CÓDIGO POR TODOS OS LADOS


No domingo, fui ao cinema conhecer "O Código Da Vinci" e fiquei espantado com o sucesso do filme. É impossível falar sobre ele sem contar da febre que assolou a cidade.

A fila para ver o best-seller adaptado para o cinema era quilométrica, os ingressos se esgotaram em poucos segundos e, o público, era o mais variado possível. Sentada na minha frente, uma mãe de família acompanhada de marido e filhos contava que o caçula já havia assistido ao filme três vezes e, daquela vez, insistiu para que todos fossem com ele.

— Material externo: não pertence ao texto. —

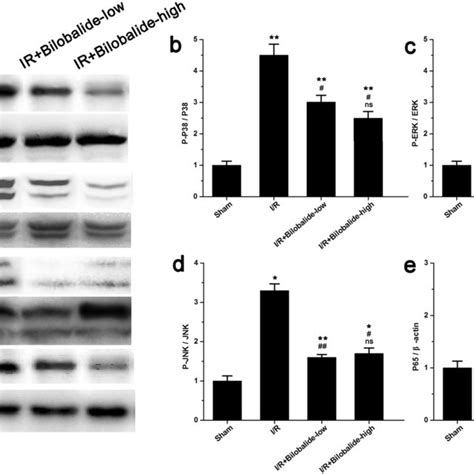 Bilobalide Relieved The Skeletal Muscle Inflammatory Response Post I R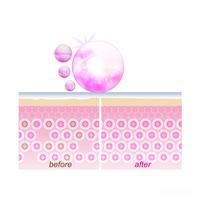 植物A醇更适合敏感肌，传统A醇见效快但门槛高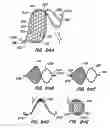 Fig. 48 - Filter delivery methods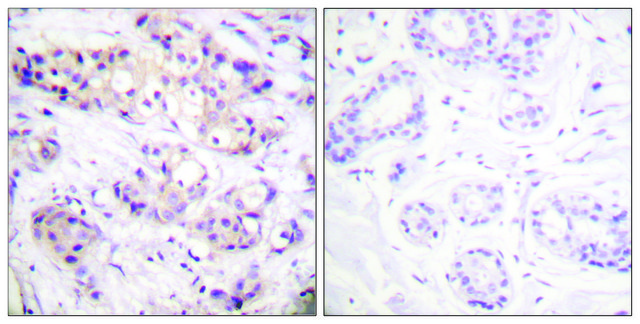 Anti-PKC &#945; antibody produced in rabbit affinity isolated antibody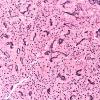 28B1 Pituitary Adenoma, Crooke's Cell Type (Case 28) Retic 20X 2
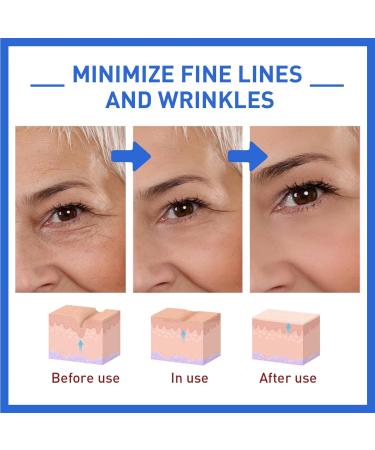 YoungAgain Botox Anti-Aging Serum - Collagen Boost, Dark Spot Corrector, and Wrinkle Defense for All Skin Types - Buy Online on GoSupps.com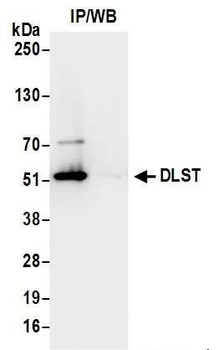 DLST Antibody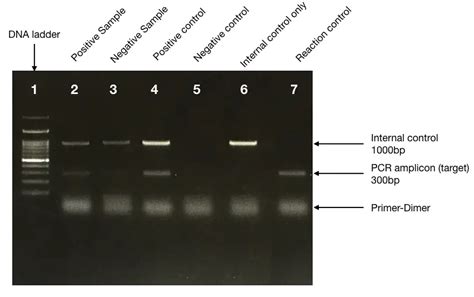 Type Of Pcr Controls Negative Positive And Internal Controls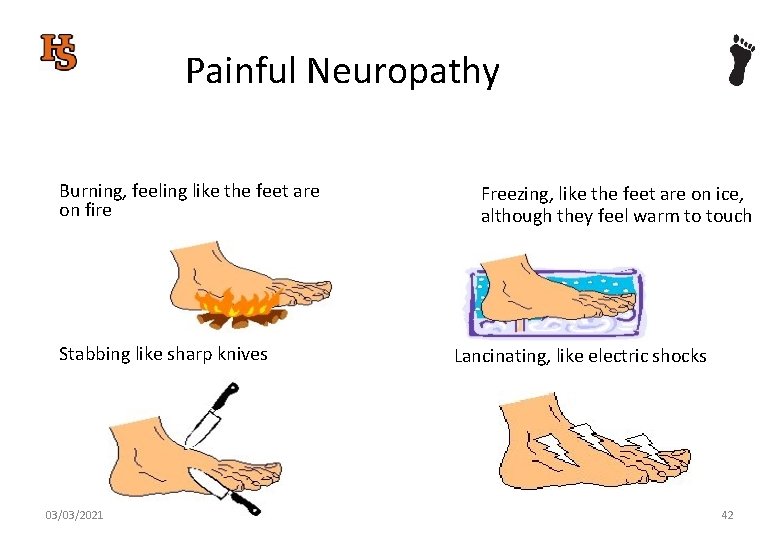 Painful Neuropathy Burning, feeling like the feet are on fire Stabbing like sharp knives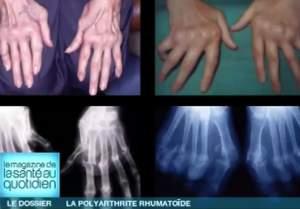 Entretien avec le Dr Salah-Eddine Kaddem. La polyarthrite rhumatoïde : de nouvelles révolutions thérapeutiques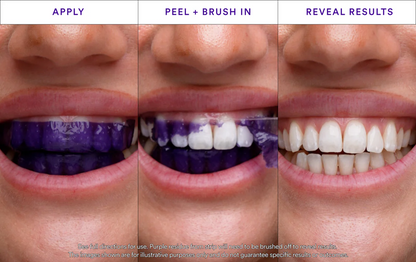 Buy One Get One Free -  V34 Whitening Strips
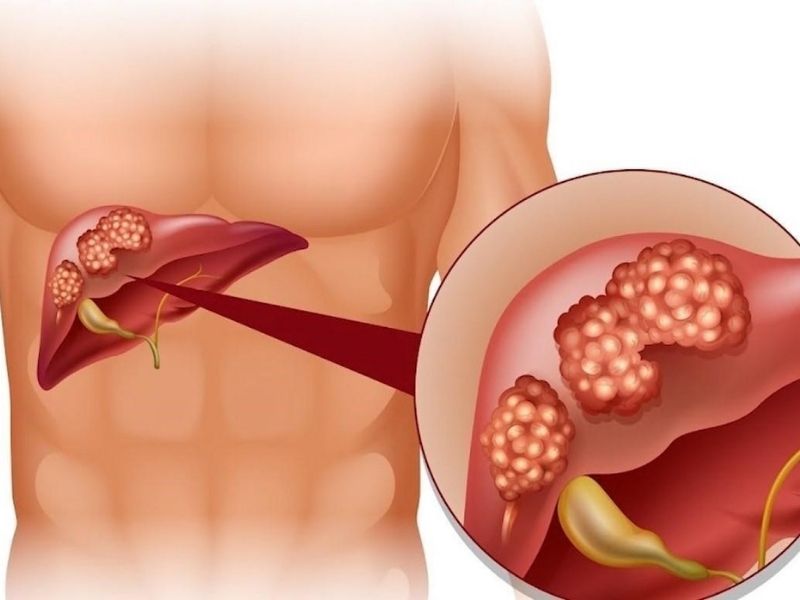 Các phương pháp thải độc gan hiệu quả nhất mà bạn không nên bỏ qua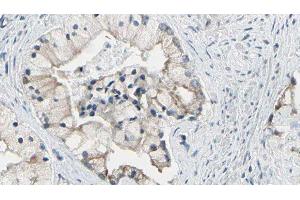 ABIN6278120 at 1/100 staining Human prostate tissue by IHC-P. (TRIM29 Antikörper  (Internal Region))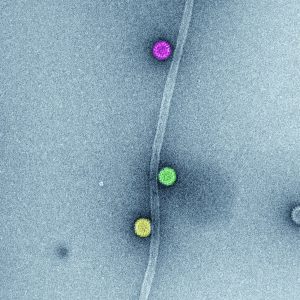 Electron micrograph of Vero E6 cells infected with SARS-CoV-2, 8 h post infection. Viral replication organelles. These virus-induced structures accumulate in large clusters in the perinuclear region and primarily contain double-membrane vesicles (DMVs).  See Ogando et al., “SARS-Coronavirus-2 Replication in Vero E6 Cells: Replication Kinetics, Rapid Adaptation, and Cytopathology.” 2020. J. Gen. Virol. doi: 10.1099/jgv.0.001453 PMID 32568027. Courtesy of Ronald Limpens, Montse Bárcena and Eric Snijder, Leiden University Medical Center, the Netherlands.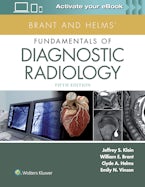Brant and Helms Fundamentals of Diagnostic Radiology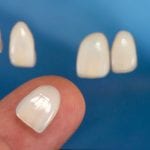 Veneers in Winston-Salem, North Carolina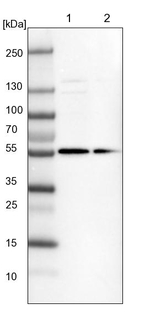 DENND6B Antibody in Western Blot (WB)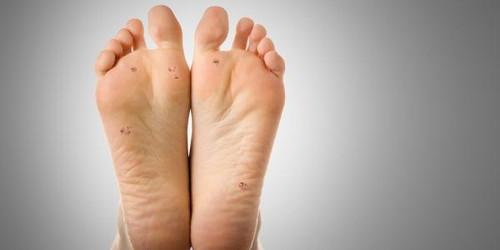 Treatment of Warts and Verrucas
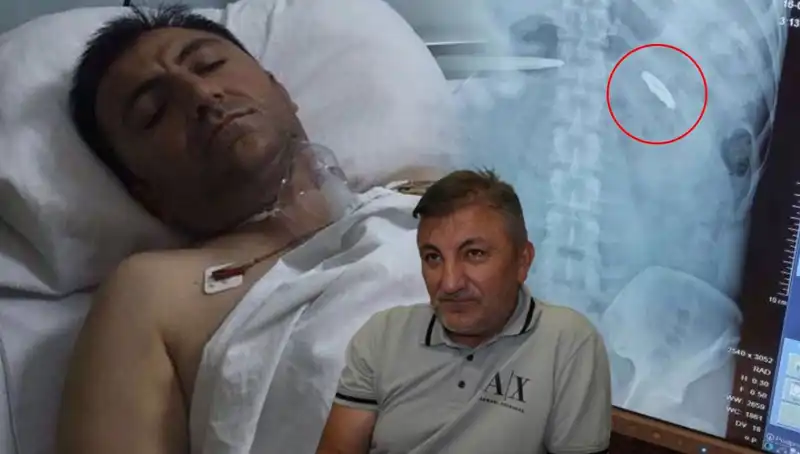 15 Temmuz’un Gölgesindeki Acı: Vücudundaki Kurşunla 9 Yıl Savaşan Kahraman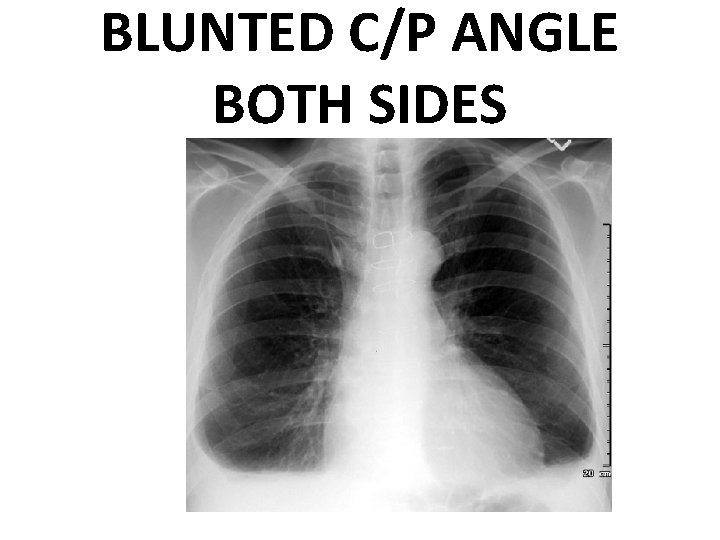 BLUNTED C/P ANGLE BOTH SIDES 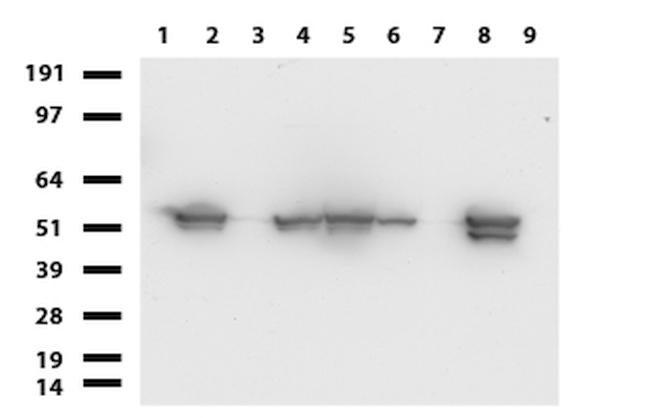 VIM Antibody in Western Blot (WB)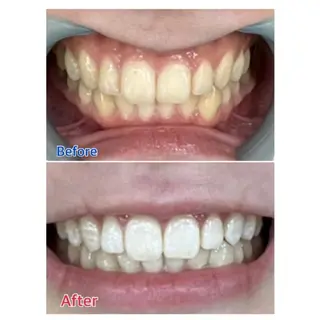 M渋谷店所属・Ｍ渋谷 ホワイトニングのその他イメージ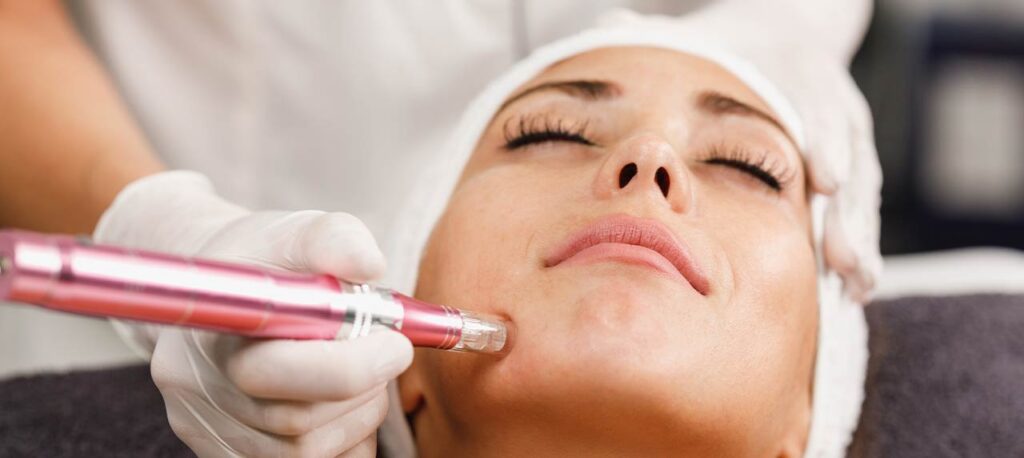 Dermapen-en-Sevilla-Clinica-especializada Dermapen-en-Sevilla-Clinica-especializada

Depois do fim de semana da estréia, não se falava em outra coisa nas bicicletas ergométricas da academia, nas espeluncas que vendem joelho, na esquina do açaí e no metrô de volta para casa. "Código Da Vinci" é a pipoca da vez.

Sobre o filme, há pouca coisa para dizer. Está longe de ser uma das melhores atrações do ano e muito menos um dos mais divertidos. Instigante? Polêmico? Nada. "Código Da Vinci" seria basicamente, um grande concorrente à filme mais bobo do ano. São duas horas e meia de uma historinha boba que irá agradar, por exemplo, o nerd de treze anos sentado perto de mim.

Maria Madalena, o personagem mais legal da Bíblia, merecia uma brincadeira, no mínimo, mais engraçada ou mais inspiradora.

Ao sair do cinema, o papo de duas mulheres com entonação de mistério dava um final alternativo para o filme. Elas comentavam a descoberta recente de que Judas, na verdade, não foi um traidor.

Eu devo ter grudado chiclete na mesa da Santa Ceia.